◆ RECORDED DATA ◆
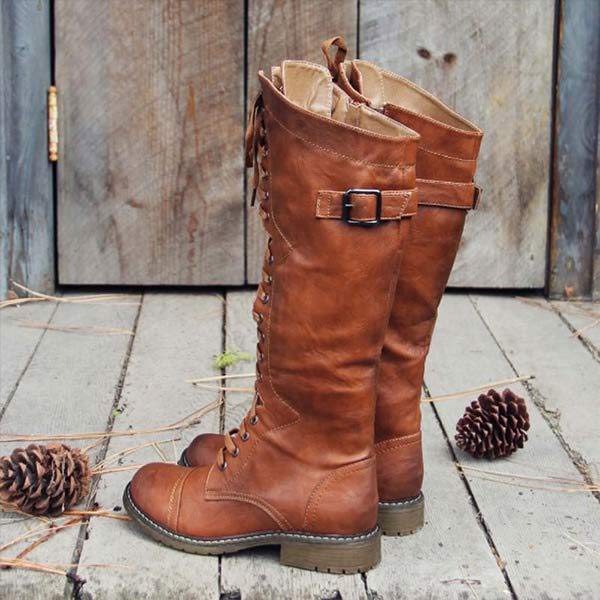 Kniehoge Dameslaarzen - Dames - Vintage Leer - Laars - Nova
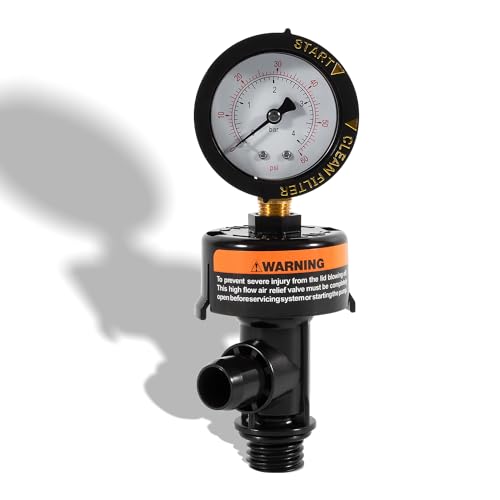 98209800 High Flow Manual Relief Valve/Air Relief Manual Valve Assembly with Pressure Gauge, Replacement for Pool and Spa Filter (1 PACK-98209800) - style: 1 PACK-98209800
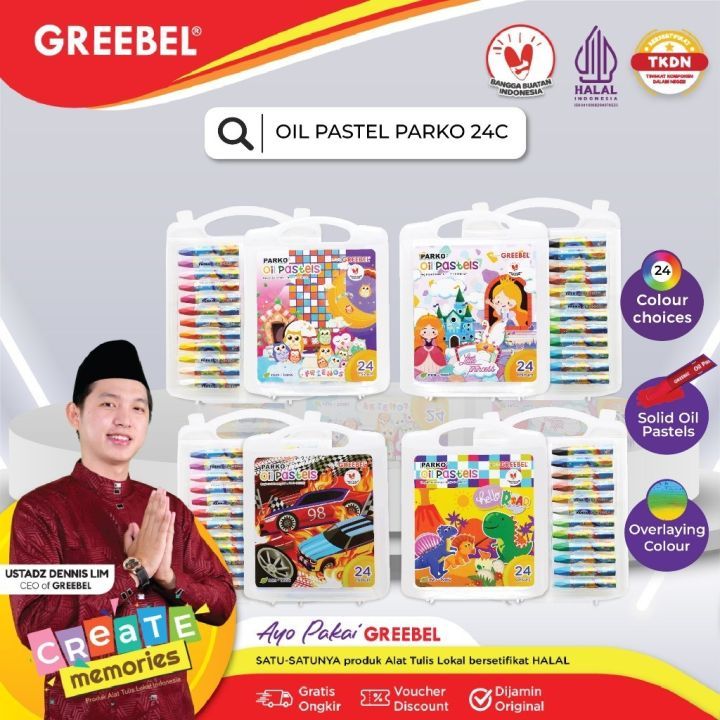 Crayon Oil Pastel Krayon Waterproof Greebel Parko Montana Vtro Banyak warna 18 24 36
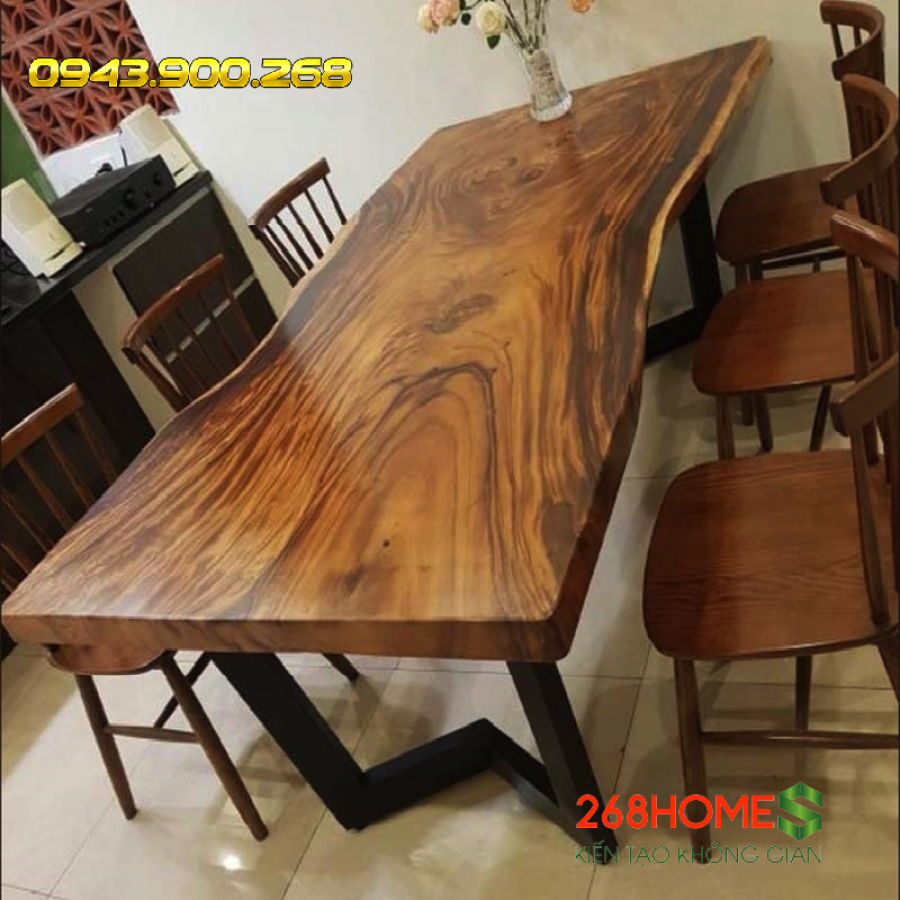 Bàn ghế gỗ nguyên khối HA616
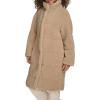 imageLevis Womens Long Length Patchwork Quilted Teddy CoatSand
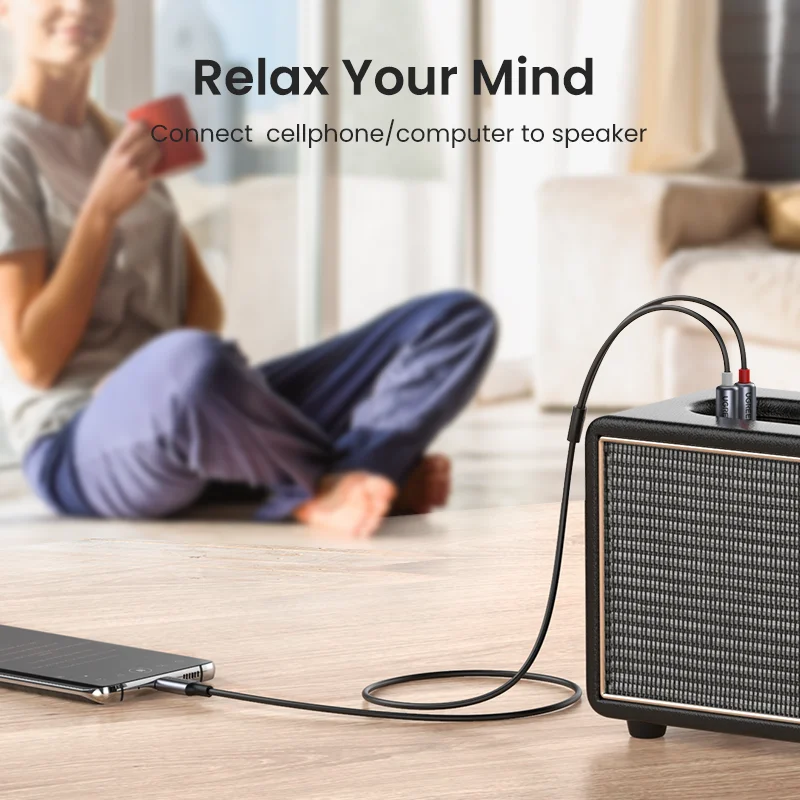 Адаптер UGREEN с USB C на 2 RCA аудиокабеля аудиошнур разъемом типа совместим усилителем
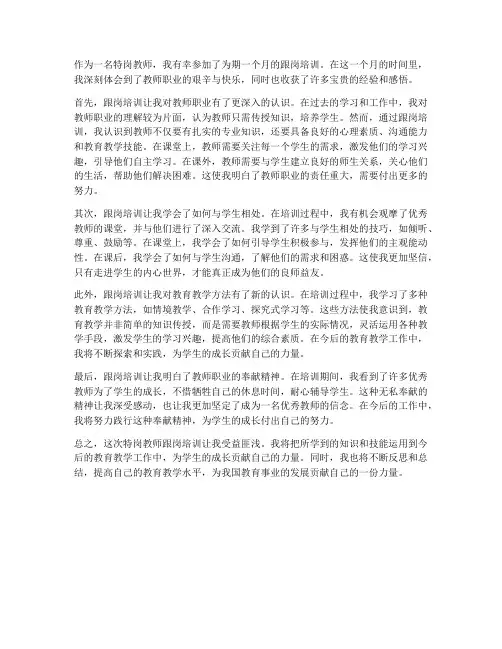 特岗教师跟岗心得体会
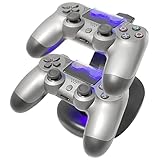 Eaxus® Controller Ladestation Geeignet für PS4 - Aufladestation mit LED Beleuchtung & USB Kompatibel mit PlayStation 4, Schwarz
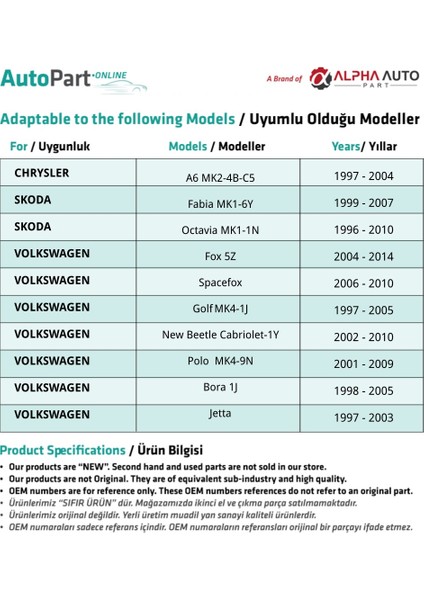 Volkswagen Fox, Spacefox, Golf, New Beetle için Kilit Tamir Seti fiyatları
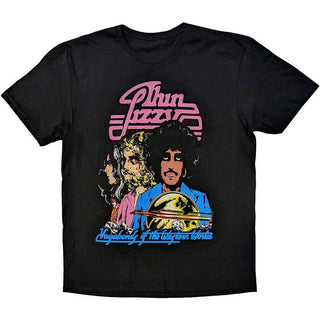 Thin Lizzy Unisex T-Shirt: Vagabonds of the Western World Tracklist (Black) (Back Print)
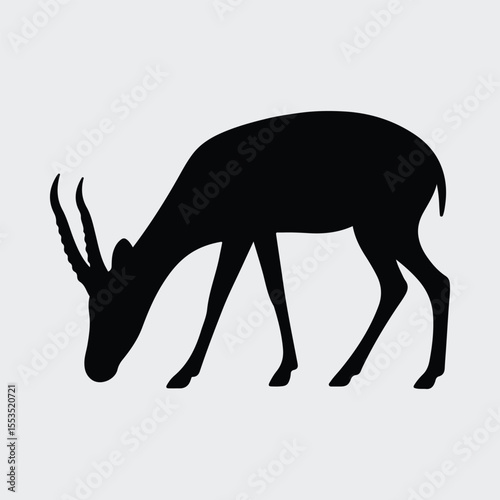Silhouette of grazing antelope standing calmly in black Vector illustration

◆ TASK DIRECTIONS ◆
Word for word, copy out each record; do not include pictures.

◆ ANSWER BELOW ◆
 Kniehoge Dameslaarzen - Dames - Vintage Leer - Laars - Nova
 98209800 High Flow Manual Relief Valve/Air Relief Manual Valve Assembly with Pressure Gauge, Replacement for Pool and Spa Filter (1 PACK-98209800) - style: 1 PACK-98209800
 Crayon Oil Pastel Krayon Waterproof Greebel Parko Montana Vtro Banyak warna 18 24 36
 Bàn ghế gỗ nguyên khối HA616
 imageLevis Womens Long Length Patchwork Quilted Teddy CoatSand
 Адаптер UGREEN с USB C на 2 RCA аудиокабеля аудиошнур разъемом типа совместим усилителем
 特岗教师跟岗心得体会
 Eaxus® Controller Ladestation Geeignet für PS4 - Aufladestation mit LED Beleuchtung & USB Kompatibel mit PlayStation 4, Schwarz
 Volkswagen Fox, Spacefox, Golf, New Beetle için Kilit Tamir Seti fiyatları
 Thin Lizzy Unisex T-Shirt: Vagabonds of the Western World Tracklist (Black) (Back Print)
Silhouette of grazing antelope standing calmly in black Vector illustration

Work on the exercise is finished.